*Information provided*
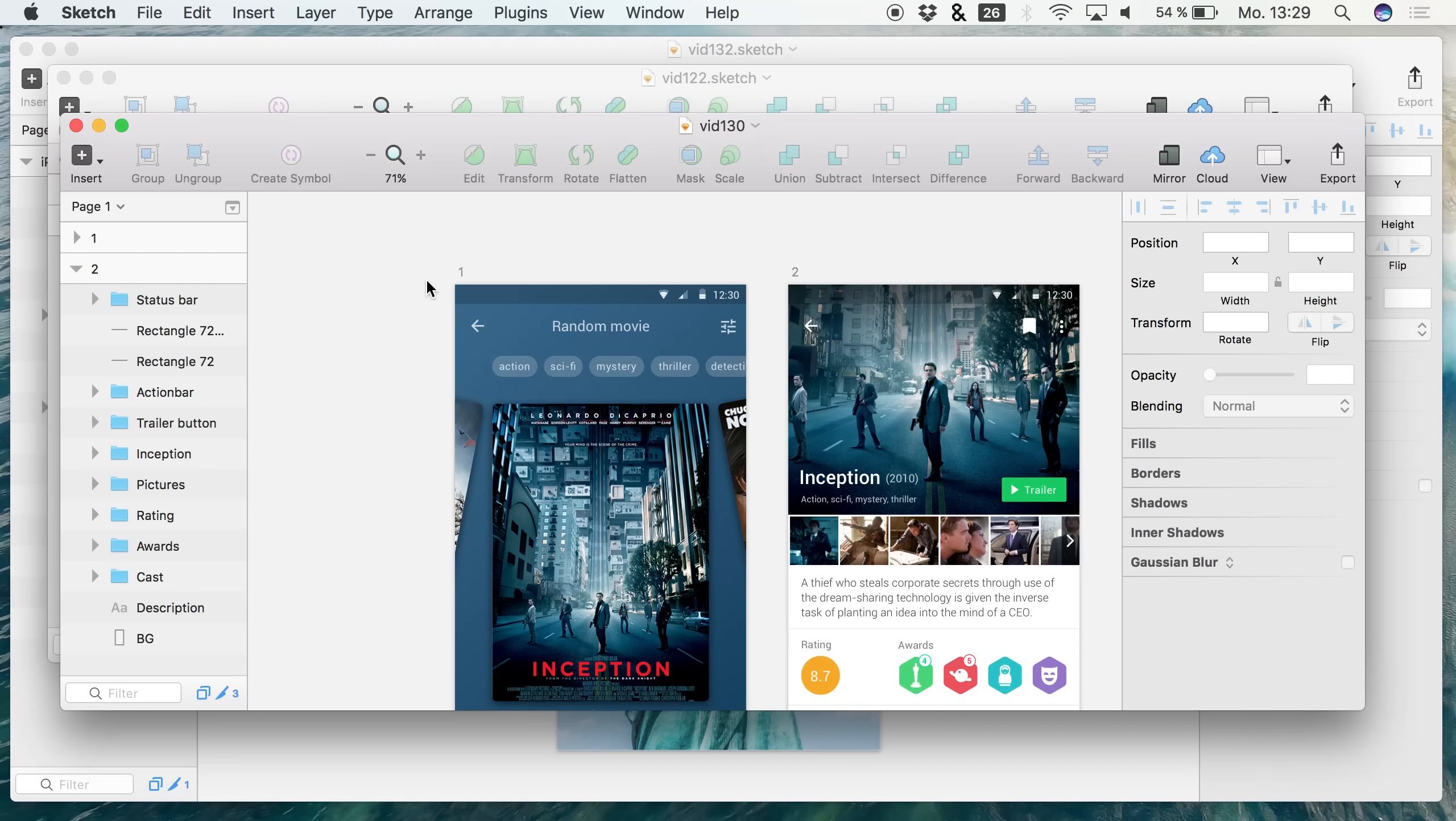Hey guys, welcome back to a new video on this channel. Today's video is about the best feature that the new Mac OS is bringing to us Sketch users.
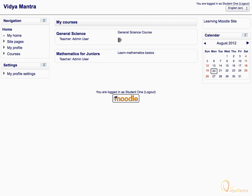On the Moodle home page, all the available courses will be listed under My Courses area.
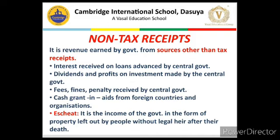Second, dividends and profits on investments made by the central government. There are many public sector undertakings that do business and earn profit, and because the government is a shareholder in all of them, it receives dividends and profits. Government will not pay these back — no liability — and its assets have not reduced, so this is revenue received. Third, fees, fines, and penalties. For example, to obtain a driving license you pay a fee; to obtain a weapon license you pay a license fee; and if you break a law you pay a penalty. All this income fulfills the criteria of revenue receipt.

*Directions*
Would you repeat the material exactly, keeping out any pictures?

*Task answer*
Hey guys, welcome back to a new video on this channel. Today's video is about the best feature that the new Mac OS is bringing to us Sketch users.
On the Moodle home page, all the available courses will be listed under My Courses area.
Second, dividends and profits on investments made by the central government. There are many public sector undertakings that do business and earn profit, and because the government is a shareholder in all of them, it receives dividends and profits. Government will not pay these back — no liability — and its assets have not reduced, so this is revenue received. Third, fees, fines, and penalties. For example, to obtain a driving license you pay a fee; to obtain a weapon license you pay a license fee; and if you break a law you pay a penalty. All this income fulfills the criteria of revenue receipt.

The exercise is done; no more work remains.